Work instructions
Each entry below should be returned exactly as is, with the pictures removed.
--- Input for this task ---
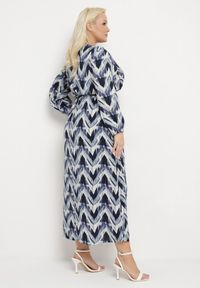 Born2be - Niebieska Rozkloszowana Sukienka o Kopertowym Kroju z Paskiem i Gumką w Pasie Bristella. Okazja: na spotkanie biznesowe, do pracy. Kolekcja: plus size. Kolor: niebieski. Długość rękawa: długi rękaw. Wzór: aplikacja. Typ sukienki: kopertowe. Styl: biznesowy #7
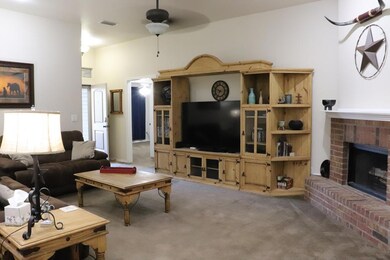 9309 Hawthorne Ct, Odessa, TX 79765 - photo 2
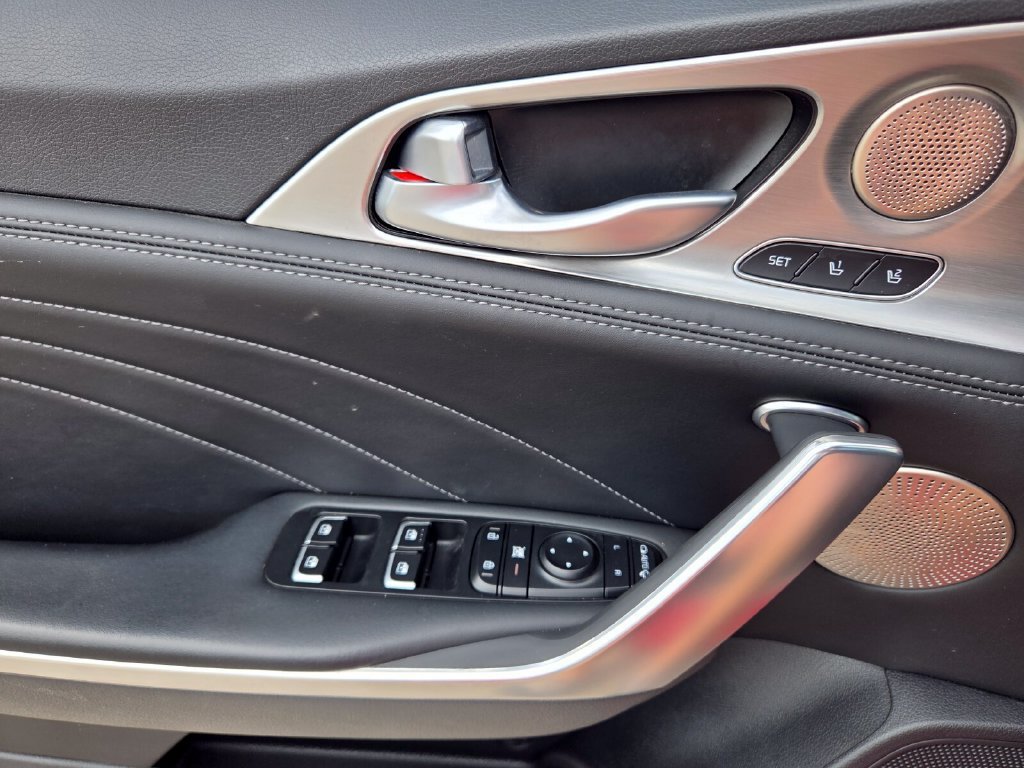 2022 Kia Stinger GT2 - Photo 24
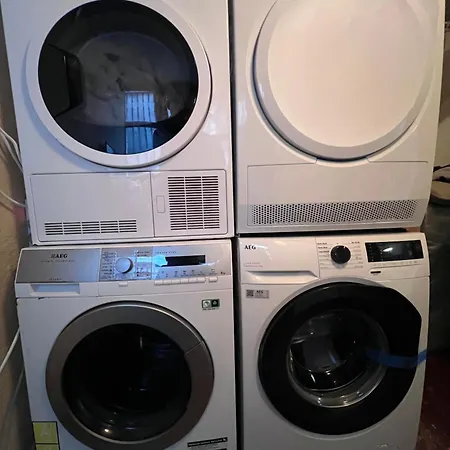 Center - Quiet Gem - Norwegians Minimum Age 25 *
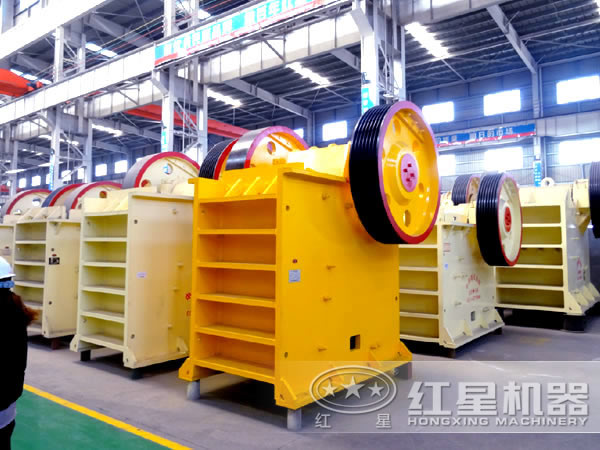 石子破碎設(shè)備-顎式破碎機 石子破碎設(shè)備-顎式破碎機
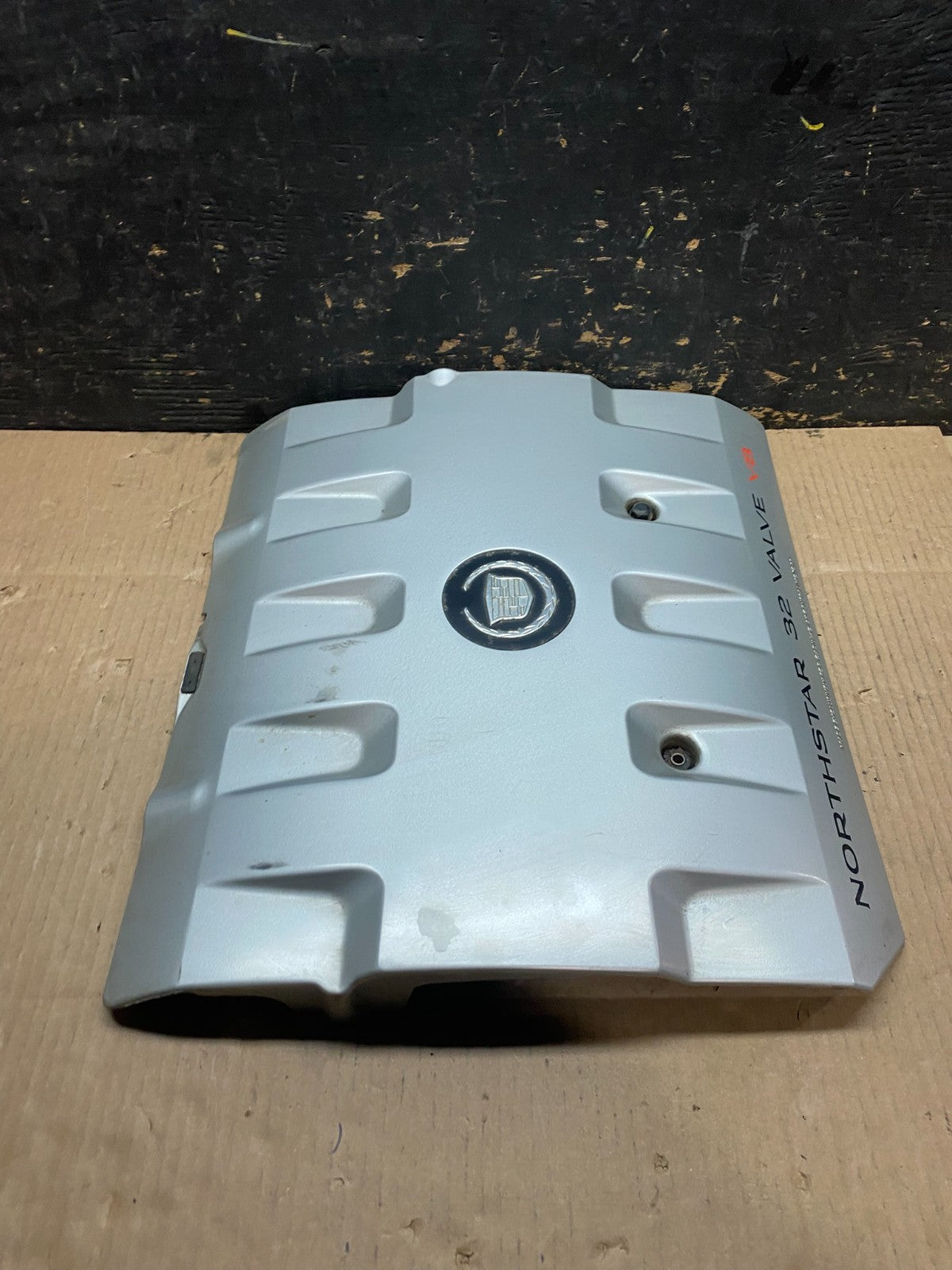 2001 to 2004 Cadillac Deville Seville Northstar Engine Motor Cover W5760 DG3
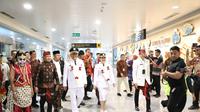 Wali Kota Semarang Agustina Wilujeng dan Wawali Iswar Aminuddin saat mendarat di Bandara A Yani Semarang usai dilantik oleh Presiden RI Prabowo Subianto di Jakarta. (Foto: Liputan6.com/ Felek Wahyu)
---
Output
 Born2be - Niebieska Rozkloszowana Sukienka o Kopertowym Kroju z Paskiem i Gumką w Pasie Bristella. Okazja: na spotkanie biznesowe, do pracy. Kolekcja: plus size. Kolor: niebieski. Długość rękawa: długi rękaw. Wzór: aplikacja. Typ sukienki: kopertowe. Styl: biznesowy #7
 9309 Hawthorne Ct, Odessa, TX 79765 - photo 2
 2022 Kia Stinger GT2 - Photo 24
 Center - Quiet Gem - Norwegians Minimum Age 25 *
 石子破碎設(shè)備-顎式破碎機 石子破碎設(shè)備-顎式破碎機
 2001 to 2004 Cadillac Deville Seville Northstar Engine Motor Cover W5760 DG3
 Wali Kota Semarang Agustina Wilujeng dan Wawali Iswar Aminuddin saat mendarat di Bandara A Yani Semarang usai dilantik oleh Presiden RI Prabowo Subianto di Jakarta. (Foto: Liputan6.com/ Felek Wahyu)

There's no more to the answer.